Semakin banyak istri, semakin tinggi pula kedudukan laki-laki di dalam surga. Doktrin jemaat FLDS ini cuma menguntungkan laki-laki.

by Aurelia Gracia, Reporter
Culture // Screen Raves
Review Keep Sweet Pray and Obey
Share:

Peringatan: Artikel ini mengandung spoiler

Segudang tanda tanya mungkin muncul di kepalamu, ketika mendengar seorang perempuan langsung menikah dengan laki-laki beristri yang baru saja ditemuinya di gereja. Namun, kenyataan itulah yang direkam dokumenter Keep Sweet: Pray and Obey (2022). Mereka menyorot pernikahan jamak di kalangan jemaat Fundamentalist Church of Jesus Christ of Latter-Day Saints (FLDS).
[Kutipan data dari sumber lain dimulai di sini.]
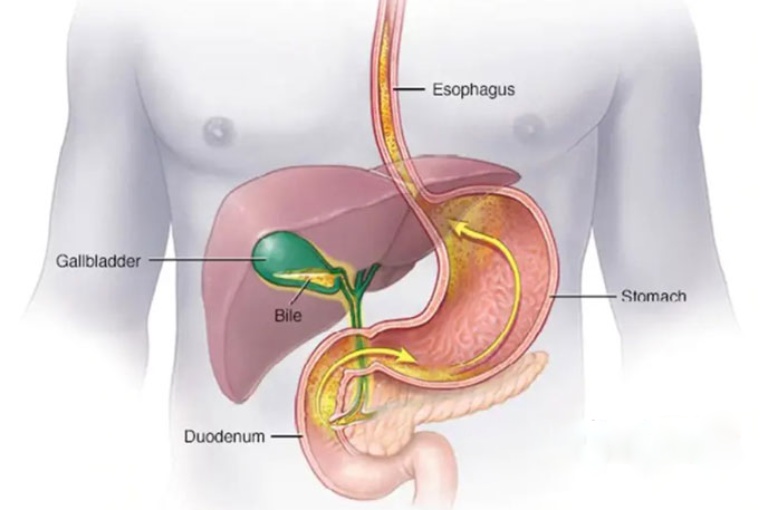 Viêm hang vị dạ dày trào ngược dịch mật là tình trạng dịch mật trào ngược từ tá tràng lên dạ dày - thực quản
Paham poligami itu pertama kali dibenarkan oleh Joseph Smith, nabi pertama Mormonisme. Menurutnya, memiliki banyak istri adalah yang sesungguhnya diinginkan Yesus, sehingga hukum itu yang harus dijalankan untuk mendapatkan keselamatan tertinggi. Bahkan, Joseph sendiri memiliki 40 istri.

Penulis Brian Hales menjelaskan awal mula poligami yang dilakukan Joseph, lalu diikuti jemaat FLDS. Melalui studi Encouraging Joseph Smith to Practice Plural Marriage: The Accounts of the Angel with a Drawn Sword (2010) ia mengatakan, ada sosok malaikat menampakkan diri dalam hadapan Joseph. Malaikat itu memerintahkannya melanjutkan pernikahan jamak.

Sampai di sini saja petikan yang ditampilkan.